Les choses ont considérablement évolué depuis 10 ans  et il convient d'en tirer les conclusions et de se mettre autour de la table

Marc Lecerf, maire de Fleury-sur-Orne

 

 

10 ans de perdu ?

L'absence de soutien de Marc Lecerf peut-il conduire Ikea a changer ses plans ? Pour l'instant Ikea France n'a pas répondu à nos sollicitations et le geant suédois court un marathon juidiciaire depuis 2014.

Ikea a remporté une première victoire en janvier dernier.  Le tribunal administratif de Caen a rejeté la demande d’annulation du permis de construire porté par l’association "Hastings Saint-Nicolas" pour la qualité de la ville de Caen et le groupement régional des associations de protection de l’environnement. Ikea conserve donc son permis de construire.

Mais un autre recours a été porté par des commerçants caennais et mondevillais. La cour d’appel administrative de Nantes a annulé l’autorisation de la Commission nationale d’aménagement commercial (CNAC) en lui demandant d'argumenter sa décision de 2014. Mais Ikea Centres s’est pourvu en cassation au sujet de cet arrêt de la Cour d’appel de Nantes. C’est donc le Conseil d’Etat qui est saisi et la décision ne devrait pas tarder à tomber. 
 

Dans cette affaire, je regrette qu'il n'y ait jamais eu de véritable négociation entre Ikea et les élus de Caen et de l’agglomération. Si on avait vraiment réussi à se parler, le projet aurait sans doute été mieux adapté

Marc Lecerf, maire de Fleury-sur-Orne



Si Ikea gagne, rien ne l'empêche de construire son centre commercial en tant que tel. "Mais ne pourrait-il pas être plus modeste ?" renchérit le maire divers-gauche de Fleury-sur-Orne. "Dans cette affaire, je regrette qu'il n'y ait jamais eu de veritable négociation entre Ikea et les élus de Caen et de l'agglomeration. Il y a eu des contacts mais pas plus. Si on avait vraiment réussi à se parler, le projet aurait sans doute été mieux adapté et il n'y aurait pas eu toute ces batailles judiciaires. On a perdu 10 ans !"

 

Marc Lecerf souhaite maintenant un appel à manifestation d'intérêt pour que les entrepreneurs s'intéressent à cette friche qui est la propriété d'Ikea. "Ikea pourrait même devenir le financier dans cette affaire" se met à espèrer le maire de Fleury qui appelle tous les élus de Caen-la-mer à se mettre autour de la table pour repartir de zéro et créer des emplois. Combien ? Avec son centre commercial, le géant suédois affiche fièrement le chiffre de 700 postes créés.

Ikea peut-il s'obstiner ?

Le géant suédois le sait, en 10 ans, l'offre commerciale a été décuplée sur l'agglomération caennaise : l'administration a autorisé l'ouverture de 228 000 m2 de magasin faisant de Caen-la-Mer l'une des agglos les mieux pourvues de France.
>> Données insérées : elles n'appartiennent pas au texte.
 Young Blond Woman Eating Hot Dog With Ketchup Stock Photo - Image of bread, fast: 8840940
Et puis les centres commerciaux n'ont plus la côte et cela ne date pas d'hier. En réalité, cela fait près de dix ans que les 800 et quelques centres commerciaux que l’on compte en France ont entamé un lent déclin. Leur fréquentation est en baisse, ils sont très dépendants des boutiques de vêtements, un secteur en pleine crise aujourd'hui. Ils subissent aussi l’assaut du commerce électronique et le regain des magasins de proximité vers lesquels les Français disent vouloir se tourner de plus en plus.
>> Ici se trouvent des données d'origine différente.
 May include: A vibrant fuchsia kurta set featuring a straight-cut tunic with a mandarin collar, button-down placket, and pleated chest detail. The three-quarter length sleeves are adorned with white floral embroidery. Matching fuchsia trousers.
Est-ce la fin de ces modèles de consommation nés dans les années 70 qui ont toujours vu plus grand et plus ambitieux ? L'abandon il y a un an d'EuropaCity, cet immense complexe commercial et récréatif imaginé par le groupe Auchan au nord de Paris est un signal d'alerte. Tout comme les dernières péripéties concernant Val Tolosa. Le projet de centre commercial au sud de Toulouse qui est dans les cartons depuis 20 ans, a reçu au mois d'octobre un nouvel avis défavorable. 

  

A cela, il faut ajouter le moratoire sur la création de zones commerciales réclamé par bon nombre de parlementaires et d’élus locaux. Et la Convention citoyenne pour le climat qui a remis le sujet sur la table au début de l'été en suggérant « d’interdire toute artificialisation des terres tant que des réhabilitations ou friches commerciales, artisanales ou industrielles sont possibles dans l’enveloppe urbaine existante ». Elle propose également de « prendre immédiatement des mesures coercitives pour stopper les aménagements de zones commerciales périurbaines très consommatrices d’espace ».

Une proposition qu’a promis de reprendre Emmanuel Macron dans le projet de loi qui devrait prochainement être présenté afin de concrétiser le travail de la convention citoyenne.